Saturday, March 02, 2013

Land Dispute Body Blames Concession Troubles on Ministries [-Finger pointing game in Nom Ben]

“In the past, I have never solved them [disputes]: Bin Chhin
March 1, 2013
By Khuon Narim and Zsombor Peter
The Cambodia Daily

The head of the country’s National Authority for Land Dispute Resolution on Wednesday said his authority was unable to resolve land disputes and that the responsibility for settling such disputes rested with the ministries responsible for handing out economic land concessions (ELCs) in the first place.

Rights groups have singled out ELCs—granted to industrial scale plantations and other developers thousands of hectares at a time—as the leading cause of land disputes across the country, responsible for rampant deforestation and mass evictions.

Bin Chhin, who chairs the inter-ministerial National Authority for Land Dispute Resolution, on Wednesday bristled at being asked to solve problems he said were caused by others.

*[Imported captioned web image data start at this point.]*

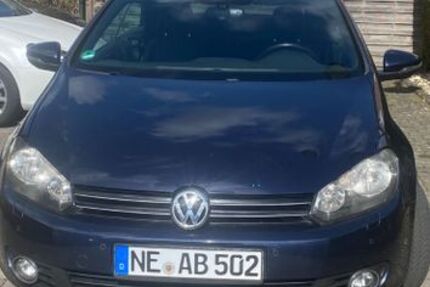 VW Golf 125.000 km 7.850 &euro; Kaarst 41564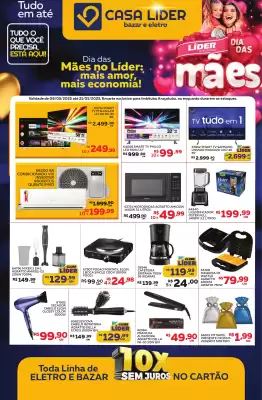 Catálogo Lider Atacadista (válido até 21-05)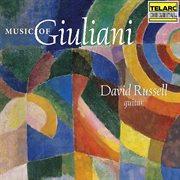 Music of Giuliani cover image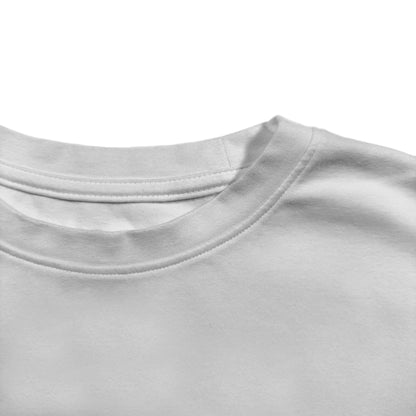 Men's Classic Crew - White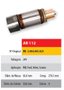 Imagen de INDUCIDO 24V MERCEDES BENZ/VOLVO/SCANIA (270X83X29)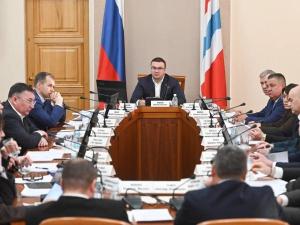 В Омской области построят новый контейнерный терминал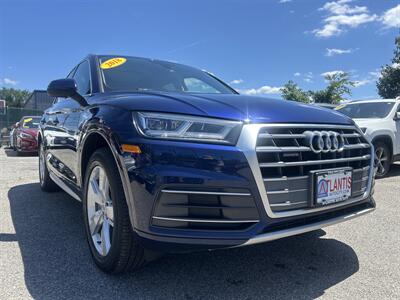 2018 Audi Q5 2.0T quattro Premium Plus   - Photo 3 - Framingham, MA 01702
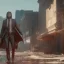 Placeholder: johnwick 5 , unreal engine 5 , fighting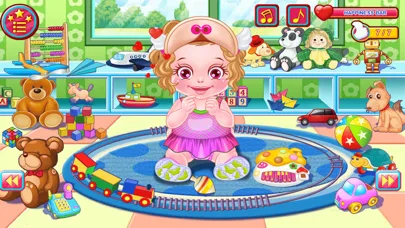 Babysit the Princess Anna screenshot 5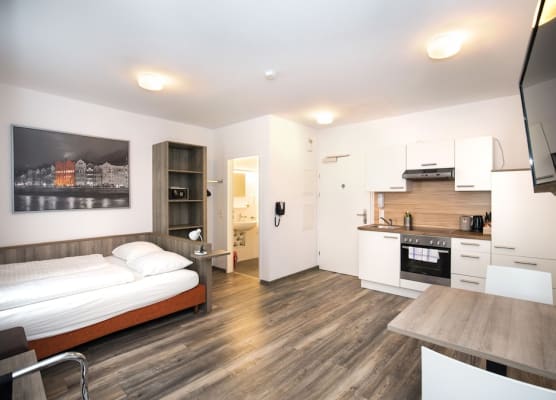 Apartments Leipziger Hof 1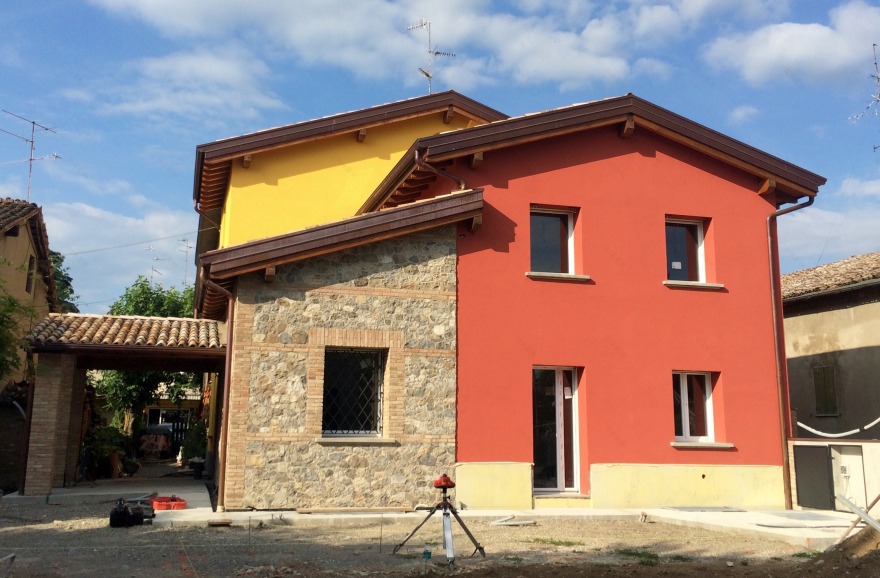 2014 年复古小镇中心公寓室内设计-32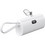 Forcell F5K3 Power Bank 5000mAh 20W με Θύρα USB-C White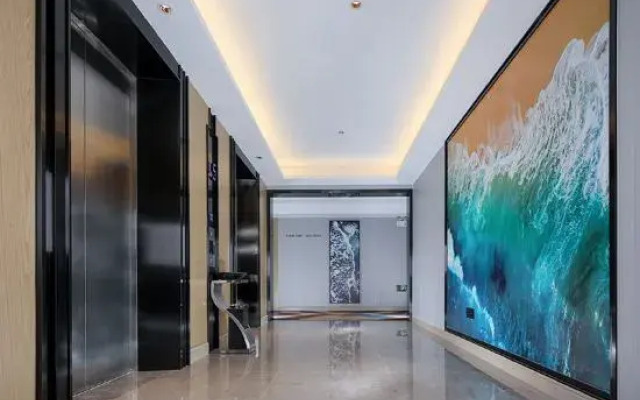 Kyriad Hotel (Jiangmen Pengjiang Jiangmen Avenue Branch)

“In the past, I have never solved them [disputes],” he said at the annual meeting of the Ministry of Land Management. “Whenever a dispute arises between a company’s economic concession and villagers, I have returned them to both ministries, the Ministry of Agriculture and the Ministry of Environment.


“Why have we not solved them? The National Authority for Land Dispute Resolution doesn’t grant economic land concessions, we have no right to grant them. When an ELC is granted, they don’t ask us if it should be granted,” Mr. Chhin said.

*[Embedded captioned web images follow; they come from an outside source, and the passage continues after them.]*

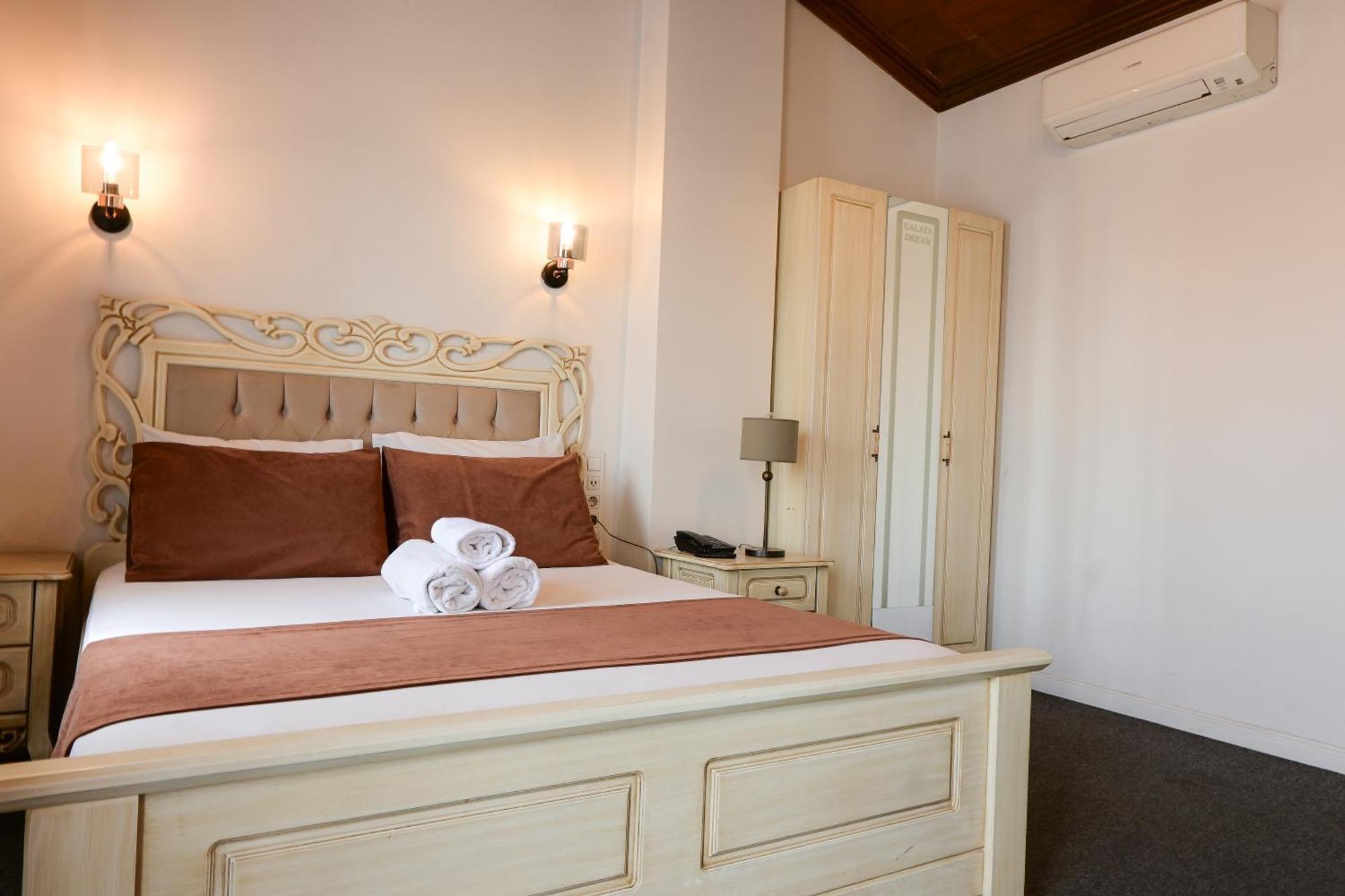 Galata Dream Hotel İstanbul Dış mekan fotoğraf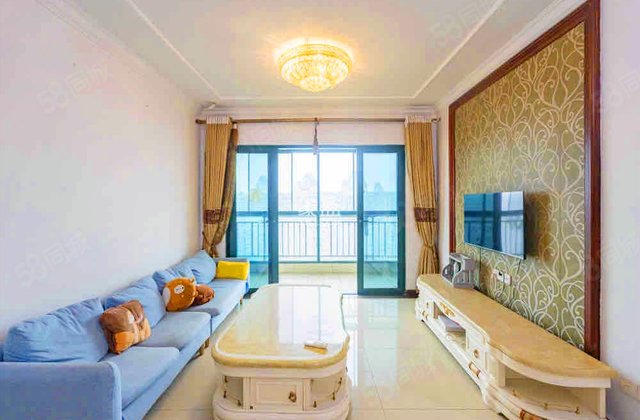 恒大雅苑3室2厅90.03㎡68万二手房图片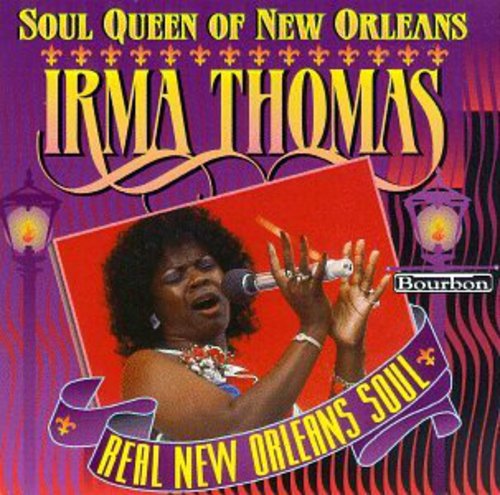 Soul Queen of New Orleans [CD]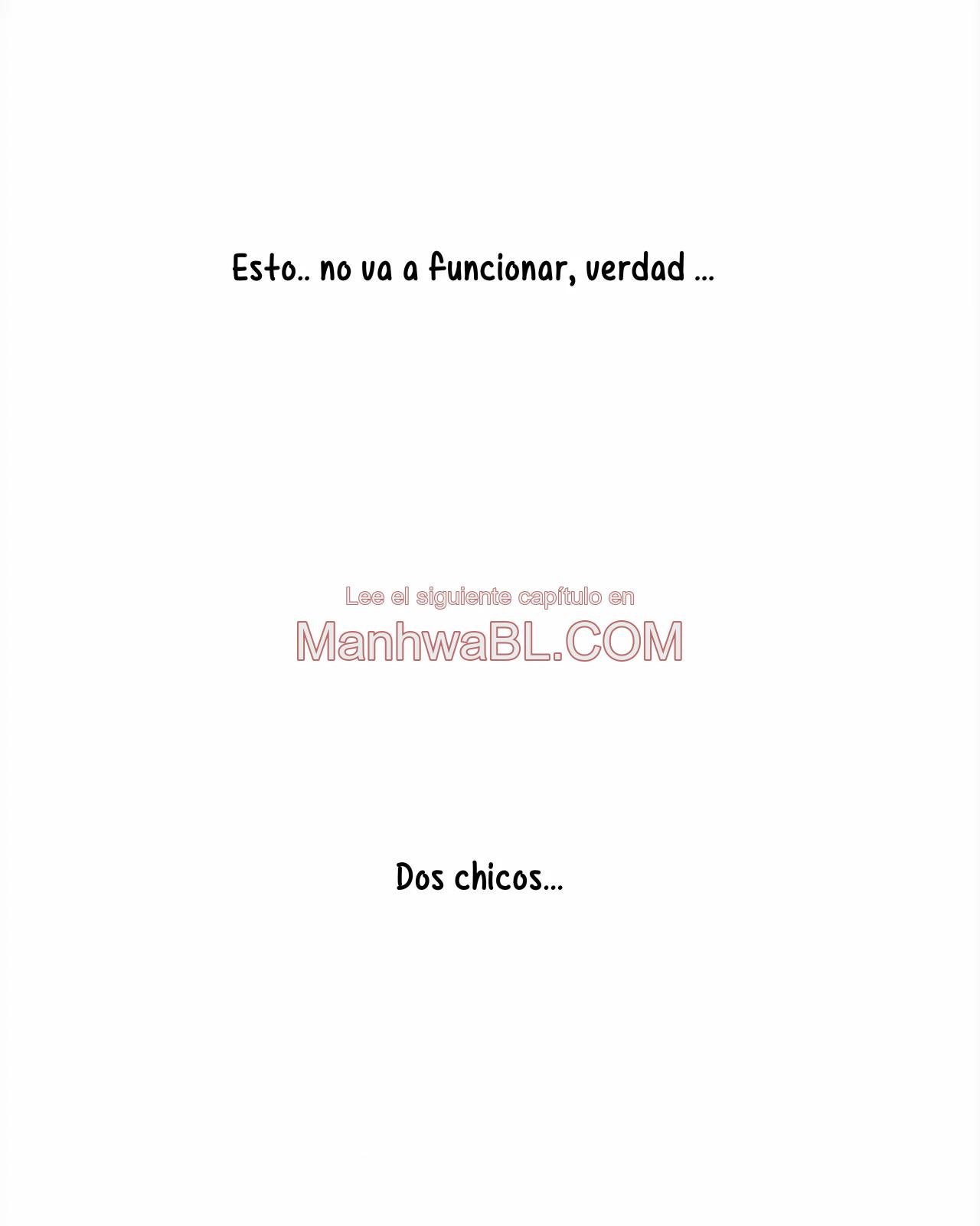 Amor accidentado - Capítulo 44 manhwa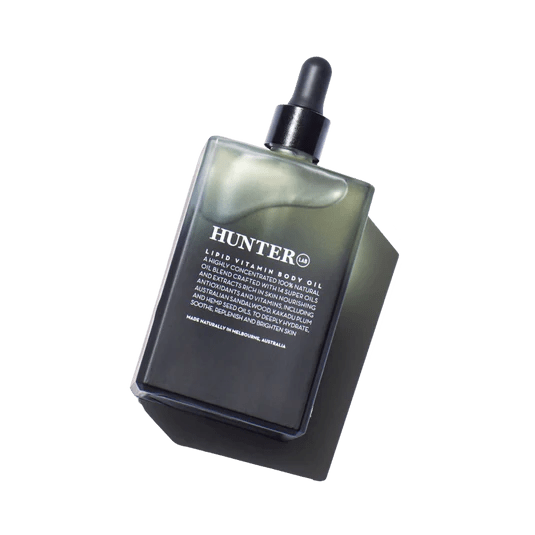Hunter Lab Lipid Vitamin Body Oil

“So when a dispute happens, we dig it up. Both ministries represent the government. The national authority represents the government, too. So we need to solve it instead of the [ministries]? It is not very logical,” he continued.

Thun Sarath, a spokesman for the Agriculture Ministry, said responsibility for settling disputes was included in the contracts the firms signed with the government, but added that he did not know who those contracts gave responsibility to.

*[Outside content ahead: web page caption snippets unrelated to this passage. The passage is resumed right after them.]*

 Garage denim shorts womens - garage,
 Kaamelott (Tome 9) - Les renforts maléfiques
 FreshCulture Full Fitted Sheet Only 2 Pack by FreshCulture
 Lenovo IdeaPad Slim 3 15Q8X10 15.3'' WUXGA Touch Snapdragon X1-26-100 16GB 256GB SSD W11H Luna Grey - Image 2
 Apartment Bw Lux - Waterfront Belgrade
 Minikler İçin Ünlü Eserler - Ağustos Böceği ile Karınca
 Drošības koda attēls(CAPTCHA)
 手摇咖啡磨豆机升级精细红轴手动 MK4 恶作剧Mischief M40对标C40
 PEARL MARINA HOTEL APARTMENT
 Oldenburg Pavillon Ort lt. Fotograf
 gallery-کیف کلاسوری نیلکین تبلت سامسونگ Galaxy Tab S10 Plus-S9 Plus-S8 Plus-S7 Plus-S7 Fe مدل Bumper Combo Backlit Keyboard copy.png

Yin Kim Sean, an Environment Ministry secretary of state, declined to comment.

Nicolas Agostini, a technical assistant on land issues for rights group Adhoc, said Mr. Chhin had a point.

“We cannot say he’s entirely wrong because for sure the Council of Ministers and Ministry of Agriculture are responsible for granting ELCs,” he said.

In a recent report on land and housing rights, Adhoc said the 66 ELCs granted last year—half of them after Prime Minister Hun Sen put a freeze on new ELCs in May—lead to 55 land disputes and 232 arrests.

But the national authority’s main shortcoming in settling those disputes, Mr. Agostini said, lay in the 2006 Royal Decree that established it. The decree vaguely gives the authority the power to step in when disputes are “beyond the competence of the National Cadastral Commission.”

“The [national authority] does not have a clear mandate,” Mr. Agostini said. “This is problematic since it acts on a case-by-case basis without, it seems, any clear guidelines. In this context, interventions can only be political and in cases for which the cadastral commission has not been able—or willing—to make a decision.”

“The [national authority] needs to be institutionalized,” he added.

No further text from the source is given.